# How to mod my golf?????



## danielfreekingee (Nov 24, 2010)

i have a stock 01 golf 4 door, and want to supe it up but i dont know how. Im not a car guy that know all kind of mechanical ****, and i need advice, can someone help me out?


----------



## Jacob Matthew (Sep 27, 2009)

this is a kind of huge question to be honest. i would find some friends who are interested in 'suping' up their cars and have them help you, as we can only advise you so far.


----------



## danielfreekingee (Nov 24, 2010)

i want to have a 6 speed car w/ turbo. catch my drift?


----------



## 2litrebully (Nov 20, 2006)

Look in the MK4 forum. Purchase a 6 speed transmission from a MK4 and a 1.8T as well as its wiring harness.

-Karl


----------



## F1.8TMK4 (Jan 3, 2010)

Catch my drift.... ahaha u made your first mistake when u bought a vw. U buy a Honda when u wanna supe it up lol 


Sent from my iPhone using Tapatalk


----------



## ps2375 (Aug 13, 2003)

danielfreekingee said:


> i want to have a 6 speed car w/ turbo. catch my drift?


You might look into buying a GTI/GLI, as they came from the factory "suped up" w/ a 6 speed and a turbo. And that would def be easier and poss cheaper than to "supe" yours up with those mods.


----------



## danielfreekingee (Nov 24, 2010)

zeeeeuuum no need to mock me you guys. Im trying to get help here.

anyways. i dont want a honda and be like the rest of the ghetto ass **** talkers in my
neighborhood that has a ef. 

and i would rather just MOD i repeat MOD!!!!!! my car and not buy a new one.


----------



## ps2375 (Aug 13, 2003)

danielfreekingee said:


> and i would rather just MOD i repeat MOD!!!!!! my car and not buy a new one.


Really, then I suggest you follow the advise given in this link:http://forums.vwvortex.com/showthread.php?5105497-sai


----------



## BsickPassat (May 10, 2010)

danielfreekingee said:


> i want to have a 6 speed car w/ turbo. catch my drift?





danielfreekingee said:


> i have a stock 01 golf 4 door, and want to supe it up but i dont know how. Im not a car guy that know all kind of mechanical ****, and i need advice, can someone help me out?
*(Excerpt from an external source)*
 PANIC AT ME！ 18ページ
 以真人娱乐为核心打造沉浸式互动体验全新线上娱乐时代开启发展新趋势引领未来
01 Golf... there are turbo kits and programing for the 2.slow motor.

There are 2 options for the 6MT:
1. Quaife conversion on the 02J
2. 02M conversion from a 20AE/337/GLI 1.8T. You'll also need to use the axles from the 02M, as they are thicker.

while you're spending the money, get the spindles from them also, to upgrade the brakes, as the spindle on the 2.slow has the caliper carrier molded on, restricting you to the 280mm front brakes.


----------



## Rabbit Farmer (Sep 22, 2003)

danielfreekingee said:


> i want to have a 6 speed car w/ turbo. catch my drift?


I would have to agree with some of the comments... cheaper to purchase one already complete.

6-speed swap requires 02M 6-speed, different axles, different hubs, different power steering hose, different starter, different flywheel, different.... I guess I can stop using "different".... clutch line, bolts between transmission and engine, cover between engine and transmission, motor mount, etc. I think it is a different shiftbox and cables (not sure on this).

Most of the parts...









The swap into 2001 Golf that is already turbo.... *HERE!*

Engine is a little harder to answer.... planning on a 1.8T or turbocharging the 2.0? you have to figure out both hardware (turbo, FMIC, BOV or diverter, exh. manifold, exhaust system) and software (what is going to run this).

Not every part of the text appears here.